The Jewish Community in Chernivtsi was the largest Jewish Community in all of Bukovina, in what is now Romania and Ukraine. At its peak in 1941, more than 45 thousand Jews lived in Chernivtsi.

The first documentation of Jews in Chernivtsi (then  in Romanian) comes from the year 1408, when Alexander I of Moldavia allowed Jews to trade in the city.  In 1498, Moldavia became a Satellite state of the Ottoman Empire. Under the Moldavian-Ottoman rule, the life of the Jews in the area knew many changes, for good and for bad.

In 1774, the Habsburg monarchy took Chernivtsi from its previous Moldavian owners. The new Habsburg rulers imposed many limits upon the Jews, such as high taxes, banning marriages and building new houses.
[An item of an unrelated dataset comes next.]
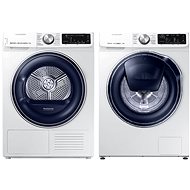 SAMSUNG WW80M644OPW / ZE + SAMSUNG DV90N62632W / ZE - Washer Dryer Set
Their aim was to "Germanize" the new area of their empire, and thus suppressing the immigration of Galician Jews to Chernivtsi. However, when the Jews of the Habsburg monarchy received emancipation in 1849 their lives became much better. Some Jews, living in the city, have been elected to serve as mayors and as members of the Imperial Council. The emancipation led the rich Jews of Chernivtsi to adopt the surrounding German culture. For example, many started speaking German. However, the poor Jews continued to speak Yiddish.

In 1918, right at the end of World War I, the Kingdom of Romania annexed Chernivtsi. A new policy called "Romanianization" was imposed. Due to that policy, many Jews working in the public service, including schools and universities, were fired. However, the Jewish community continued to flourish. New youth movements and football teams were established, new newspapers were published, and there was also even a school teaching in Hebrew.

In 1940, the Soviet Union occupied Chernivtsi. The Soviets immediately began persecuting Zionist activities and wealthy Jewish people, many of whom were deported to Siberia. In 1941, in the beginning of Operation Barbarossa, the city was retaken by Romania, which had become an ally of Nazi Germany. As a part of The Holocaust, the Jews of the city were put in a ghetto. From there, the Jews were deported to slavery camps in the Transnistria Governorate of Romania. The mayor of Chernivtsi at the time, Traian Popovici, opposed the harsh policy against the Jews. He allowed 15 thousand Jews to escape the departure to Transnistria, claiming they were important for the city's economy. For his deeds Popovici received the title of Righteous Among the Nations. After World War II ended in 1945, many Jews returning from Transnistria left Chernivtsi in order to live in other countries. They were replaced by other Jews, who came from all over the Soviet Union. In 2001, only 1,400 Jews lived in Chernivtsi, most of whom are the descendants of the Jewish immigrants after World War II.